Les livres (la littérature) intéressaient moins mes compagnons que les potins, une telle a ouvert le bal de la faculté de droit à Rennes avec Bredin dans les années 60, une autre ne s'intéresse qu'aux rapports entre la famille Manet et Valéry (une cousine épousée), la troisième rit beaucoup aux allusions de
François le Petit alors que je n'en comprends aucune et m'en moque éperdûment : tout cela sera oublié dans dix ou quinze ans, il faudra d'interminables notes de bas de page pour expliquer qui était qui…
Pour le reste, j'ai assisté éberluée à un condensé de café du commerce : l'association de l'école propose un voyage en Iran, et ces dames de commenter l'obligation de porter un foulard, des pantalons larges et des tuniques longues, et moi de penser Ã
Soumission (mal à propos, puisqu'il s'agit de l'Iran et non de la France), de me demander peu charitablement quelles pensées perverses pourraient inspirer ces dames et à quel point il faudrait être pervers pour qu'elles en inspirent (pour donner une idée, elles s'exclameront: «elle est morte très jeune, à cinquante-sept ans». Euh… pour moi, «très jeune», pour mourir, c'est avant trente-cinq ans, ensuite c'est jeune (avant quarante), puis dommage (avant soixante), puis envisageable mais regrettable (avant quatre-vingt ans), puis «c'est la vie»).
A été commenté également l'imminent remaniement ministériel, la réforme de l'orthographe, la grâce présidentielle de Mme Sauvage («La légitime défense en tirant dans le dos, ce n'était pas tenable. Je ne comprends pas pourquoi ils n'ont pas plaidé les circonstances atténuantes» — ce qui est exact.)

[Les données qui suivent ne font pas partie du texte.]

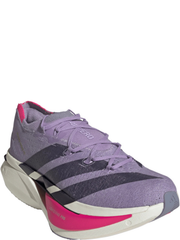 Adidass Adizero Prime X3 Strung Purple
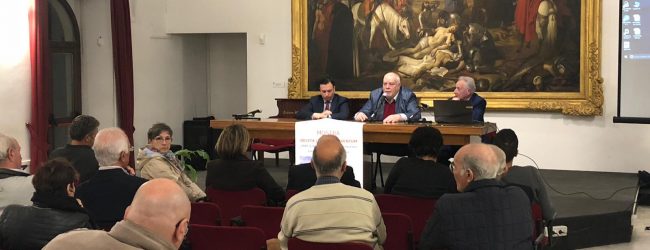 Benevento| Deleta Beneventum 1943: la mostra sui bombardamenti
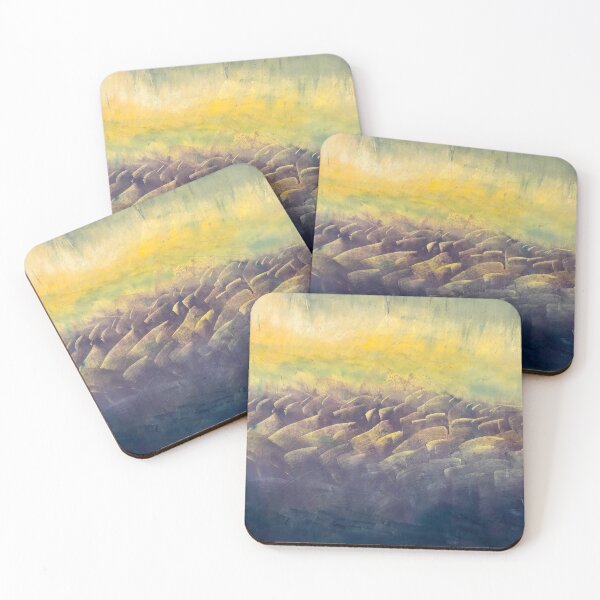 Item preview, Another World designed and sold by AnneMReid.
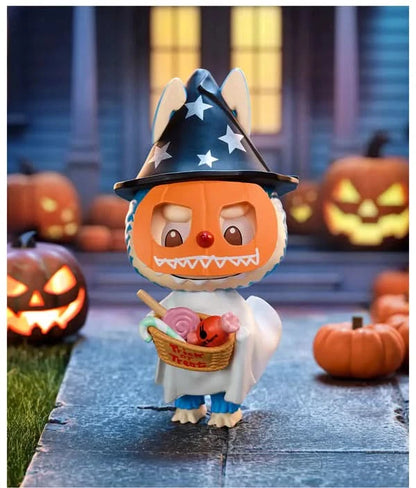 LABUBU Trick-or-Treater Figure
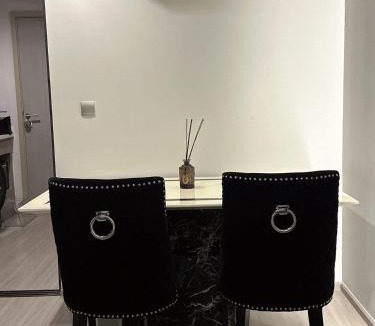 Ramkhamhaeng Apartment | Nawanna Place Mu Ban Vikorn Alley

Je les aime bien, ils m'ahurissent: je contemple l'écart qui nous sépare et je me demande pourquoi je n'ai pas compris plus tôt que c'était inévitable et sans importance, que je ne leur ressemblerai jamais mais qu'en réalité je ne le souhaitais pas, je le détesterais; mais que cela n'empêchait pas de passer une curieuse et confortable soirée.